Credit card fees in the first month the store was open totaled $11,534, which would amount to $138,000 annually.
“So just shy of the guy who spent $2 million to build the store and lease it to us, and $16,000 vs. the $11,500 it takes us to staff that store with multiple people 24 hours a day, 365 days a year,” he said. “Twenty years ago, 15 years ago, to just accept payments in cash or checks from our customers would have been a tenth of that, if not less.
“These costs are just mind-blowing. For us to provide health insurance—even to a part-time guy who works six hours a week—to every single employee at that store, part time, full time, doesn’t matter, it would cost us $34,000 a year,” Carpenter said. “Credit card fees at that store are $138,000 a year. That’s just to process the payment.”
The expense is “staggering and suffocating” to small businesses and “hard to even explain,” he said. “Sometimes when you get shocked it neutralizes over time and you get used to it. This never neutralizes. It never gets easier.”

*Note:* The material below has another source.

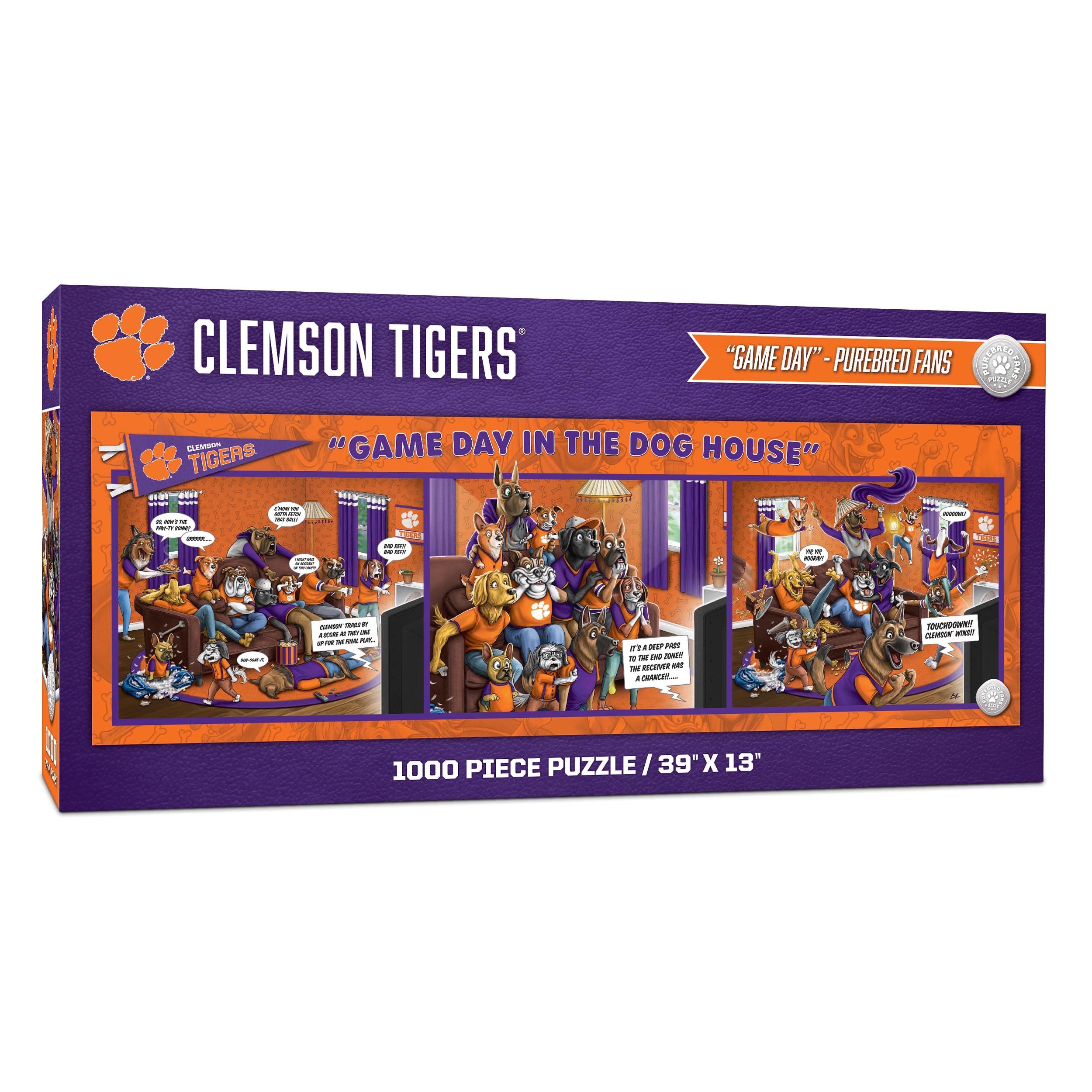 Foto 2 pulgar | Puzzle Youthefan Ncaa Clemson Tigers Game Day In The Dog House, 1000 Unidades - Venta Internacional.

The settlement focuses on the wrong issue, too, Carpenter said.
“This settlement really just makes surcharging the centerpiece, but that’s not what this issue is about with small businesses like mine,” Carpenter, who also is chairman of NACS, said. “We don’t want to surcharge our customers. We don’t want to be the conduit for them to charge these fees directly to our consumers. It…makes us nothing more than collection agents to be honest with you, taking the billions of dollars in hidden fees from our customers. It’s just the wrong answer.”
DeFife said that first and foremost with any type of settlement, “Visa and MasterCard need to stop telling merchants how to run their own businesses.
“They shouldn’t tell us what we can and can’t disclose and when; they shouldn’t tell us what we can and can’t charge customers and when; they shouldn’t tell us how to advertise,” he said. “They shouldn’t tell us any of those things.”
DeFife said the proposed settlement “pretends to give us the ability to make pricing more transparent,” but “layers it with provision after provision preventing that from happening.”
He said those who were supposed to negotiate on their behalf have focused more on what Visa and MasterCard would agree to rather that what the merchant community wanted.